Suppose you have progressive spreading of high tone with B as a blocker. Then a single H is enough to immediately rule out any instance of HL in a string because H failed to spread to the right. At the same time, HBL is fine thanks to the blocker B. MCA works just like that. We cannot have a wh- with a non-agreeing complementizer to the right because that would mean having a non-agreeing complementizer along the wh-movement path. But we can have a non-agreeing complementizer to the right of wh+. So if MCA isn’t like tone plateauing, at least it is like spreading, which is still a surprising parallel between phonology and syntax.

But the more fundamental issue is that feature entanglement strikes me as an accident of the MG formalism rather than a substantive property of syntax. If an f- without a matching f+ would simply be treated as a mover that does not get to move, rather than something that always, without exception, causes ungrammaticality, then feature entanglement disappears. In addition, entanglement only helps you when your model of syntax only makes a categorical distinction between well-formed and ill-formed. In that case, you can freely assume the presence of f+ because that is the only way to violate the constraint you’re testing for, and if there is no such f+ then the sentence is ill-formed anyways and there’s no point in testing the constraint. But if you want to use a weighted formalism where well-formedness is gradient, that argument no longer holds. Yes, if there is no f+ then the sentence might be pretty bad, but if you incorrectly pile on MCA violations because you assumed an f+ that doesn’t exist, you may end up saying that the sentence is much worse than it actually is.

Take-home message

In sum: it is technically true that tone plateauing is more complex than movement-driven complementizer agreement. But that hinges on MG’s feature entanglement, which I would say obscures the picture more than it illuminates it. And at the end of the day, it doesn’t matter so much whether the appropriate analogue for MCA is tone plateauing or tone spreading. The mere fact that the subregular perspective allows us to hash out this analogy in rigorous terms is why I find it so fascinating. And it allows us to reduce something that may look odd from a syntactic perspective and reduce it to the utterly mundane in phonology.

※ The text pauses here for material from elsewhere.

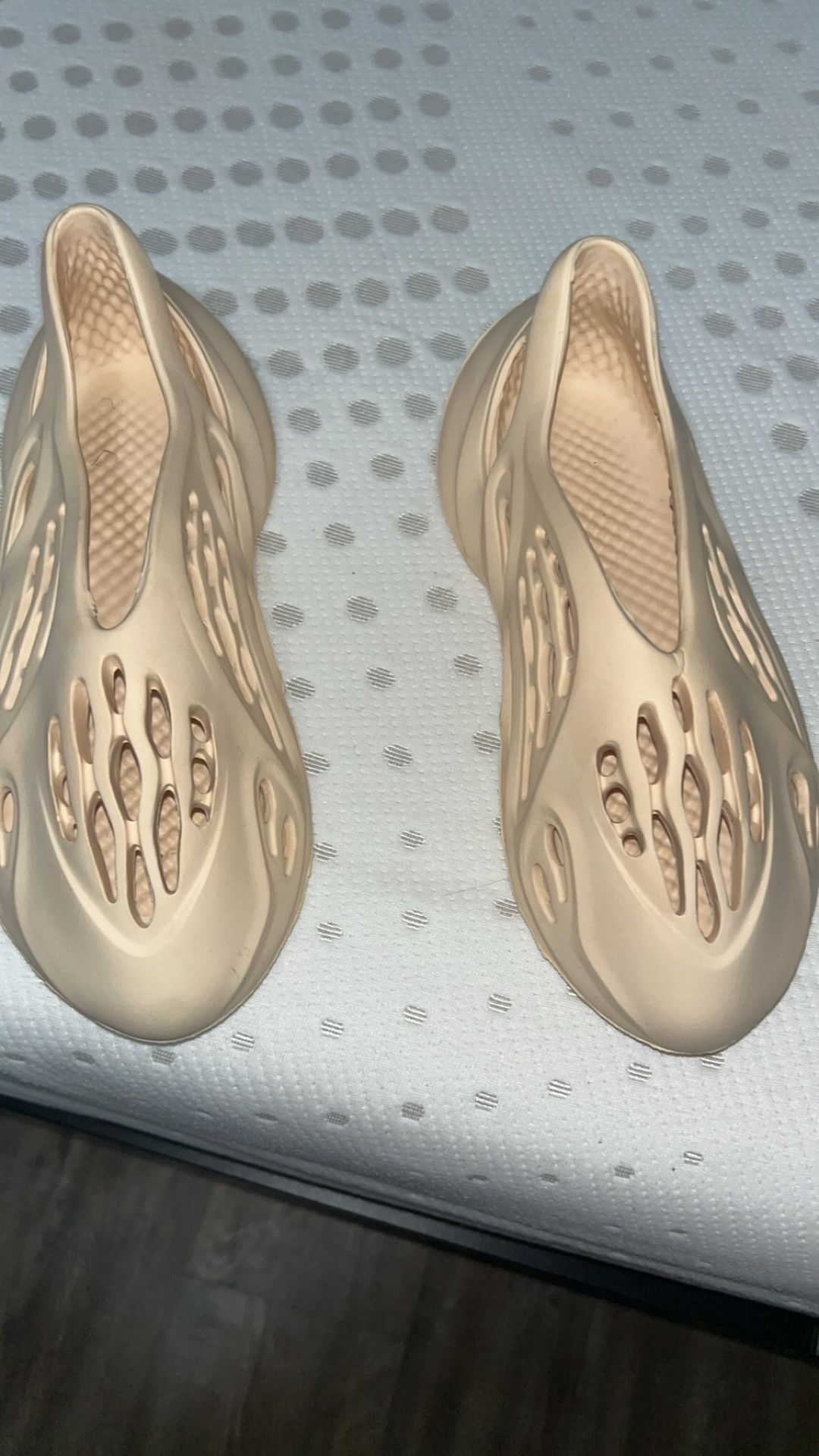 Size 8 women’s CN 39” adidas women’s Yeezy Foam Runner .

I only have one more, teeny-weeny, totally innocent little question: as discussed in Jardine (2016), Copperbelt Bemba has a circumambient spreading process that only affects the four closest targets. This means that HLLLLLH would become HHHHHLH, not HHHHHHH. Do we find anything like that in syntax? I doubt it, but 1) Copperbelt Bemba spreading looks pretty weird, and 2) syntax tends to be a lot weirder than I think.

References

Georgi, Doreen. 2019. Intermediate reflexes of movement: A problem for TAG? Of trees and birds. A festschrift for Gisbert Fanselow. Potsdam: Universitätsverlag Potsdam.

Jardine, Adam. 2016. Computationally, tone is different. Phonology 33.247–283. doi:10.1017/S0952675716000129. https://doi.org/10.1017/S0952675716000129.

McCloskey, James. 1979. Transformational syntax and model theoretic semantics: A case study in Modern Irish. Dordrecht: Reidel.

McCloskey, James. 2001. The morphosyntax of wh-extraction in Irish. Journal of Linguistics 37.67–100.